Sin embargo, aunque se derogaran los artículos del aforamiento en la Constitución y en los Estatutos de Autonomía, y con ello se garantizara la sujeción de los parlamentarios y del resto de políticos al tribunal ordinario tampoco se impediría que garacias a la doble instancia quedase de nuevo el recurso a la sentencia en las mismas manos del tribunal supremo o tribunales superiores politizados que se pretenderían eludir.
Una reforma Constitucional que por otra parte sería harto improbable en los tiempos que vivimos y que además dejaría intactos la gran mayoría de los afloramientos que han sido reconocidos mediante leyes específicas como la ley del CGPJ o la ley orgánica del poder judicial.

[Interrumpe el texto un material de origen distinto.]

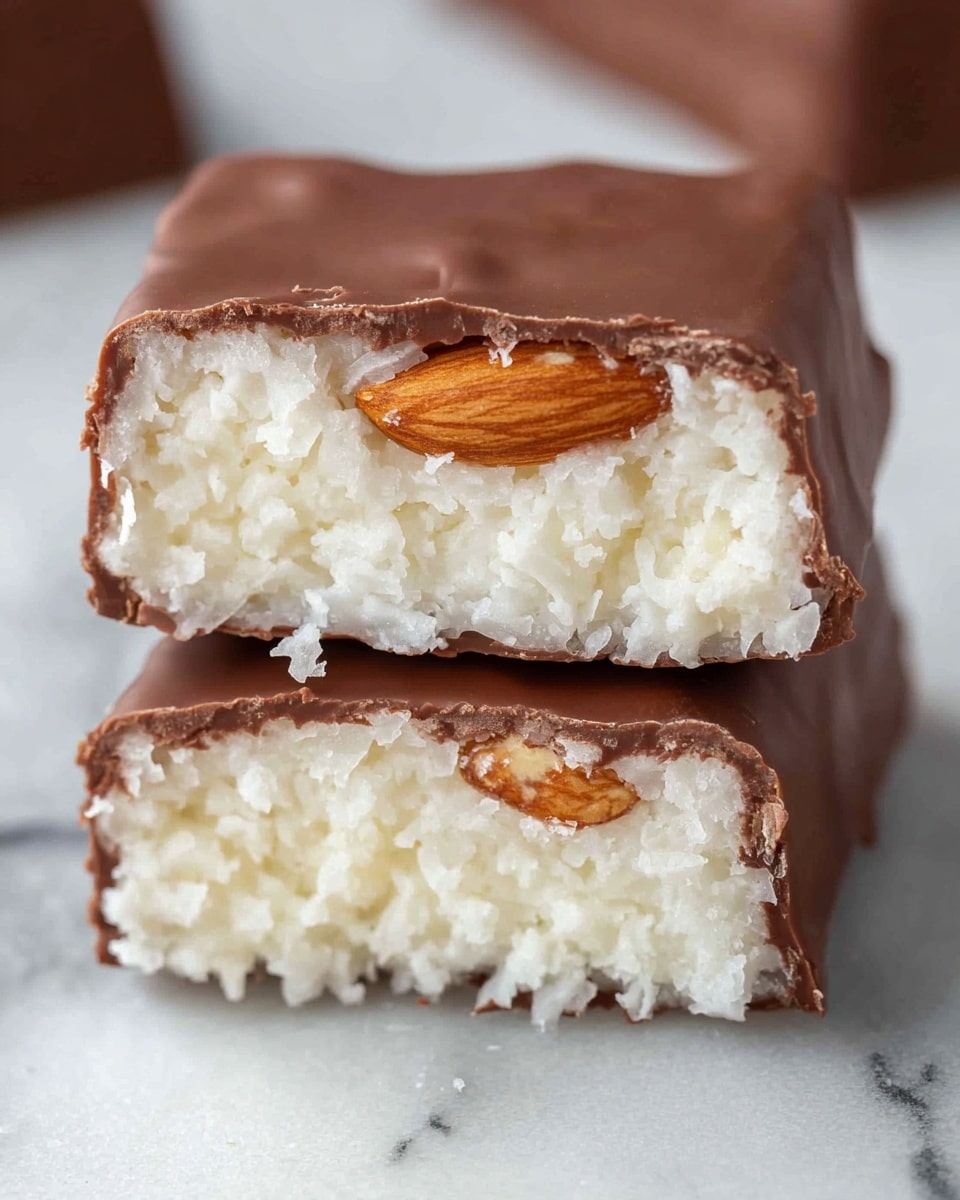 The image shows two pieces of a candy bar stacked on top of each other on a white marbled surface. Each piece has three layers: the top and bottom are thick, smooth milk chocolate with a slight shine, covering the sides and top. The middle layer is white and crumbly, with a rough texture, resembling a coconut filling. A single almond is visible embedded in the middle layer near the top edge of each piece. The lighting highlights the textures and colors clearly, showing the contrast between the creamy white inside and the glossy brown chocolate outside. Photo taken with an iphone --ar 4:5 --v 7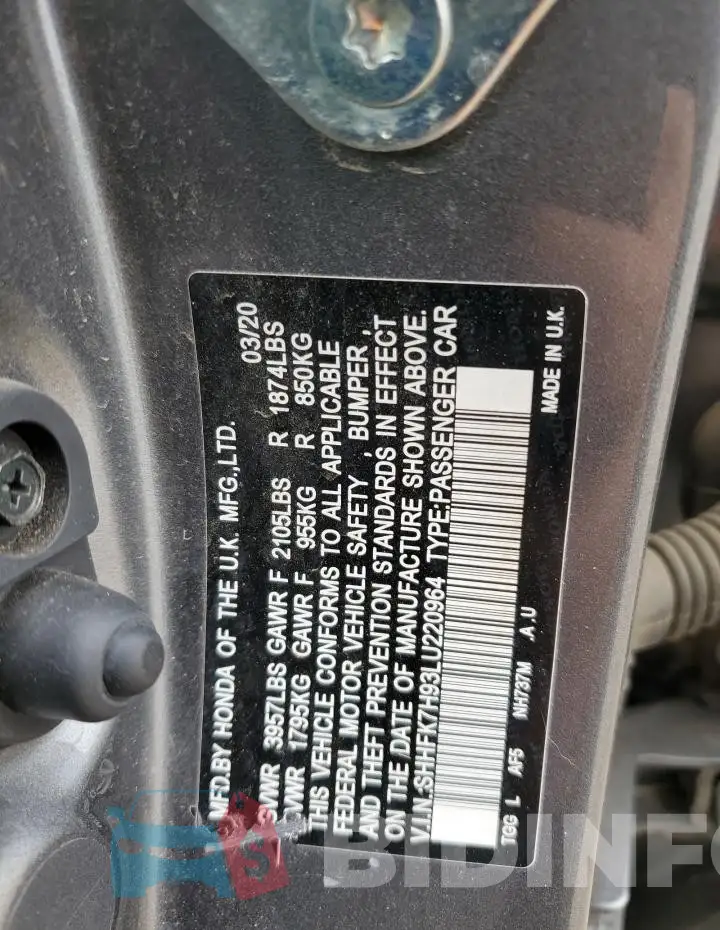 SHHFK7H93LU220964 Photo# 12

Si en realidad se pretendiese un cambio real para evitar la degeneracion de la prerrogativa en privilegio, y no solo el recurso al método y a la propaganda política, se trataría de cambiar solo la degradación partidista en el nombramiento y el funcionamiento del CGPJ y con ello de los criterios de promoción de los miembros del Tribunal Supremo.
El legislador constitucional quiso –y eso constituye la esencia de la naturaleza y estructura del CGPJ- un órgano numeroso y plural, en correspondencia con la diversidad de sensibilidades y tendencias de una sociedad también plural y diversa que por medio de sus representantes políticos en el Parlamento nacional elige y legitima a los vocales que integran el Consejo para el cumplimiento de sus fines constitucionales.
Pero el modelo se ha pervertido. En realidad, hoy día el cauce para el acceso al CGPJ no es parlamentario sino partitocrático, y está basado en intereses cortoplacistas y sectarios de los partidos políticos mayoritarios, cuyos resultados tampoco se solucionan mediante la intervención de las asociaciones judiciales, por otra parte de escasa representatividad real entre la carrera.
En cuanto a los miembros del Supremo, las formas importan –como mínimo- tanto como las normas. Cambiar las normas solamente puede ser una variante del “gatopardismo”. Lo relevante es cambiar la forma de plantear, de enfocar las designaciones, que deben estar guiadas por criterios de mérito, capacidad y honestidad en los candidatos, establecer mecanismos de evaluación objetiva y procedimientos transparentes de nombramiento y de control, generando cultura ética en unos y en otros, en quienes designan y en quienes son designados.
No hay que confundir pues el privilegio injustificado con las prerrogativas para ejercer el cargo ni las necesarias reformas constitucionales y estatutarias con poner coto al desafuero.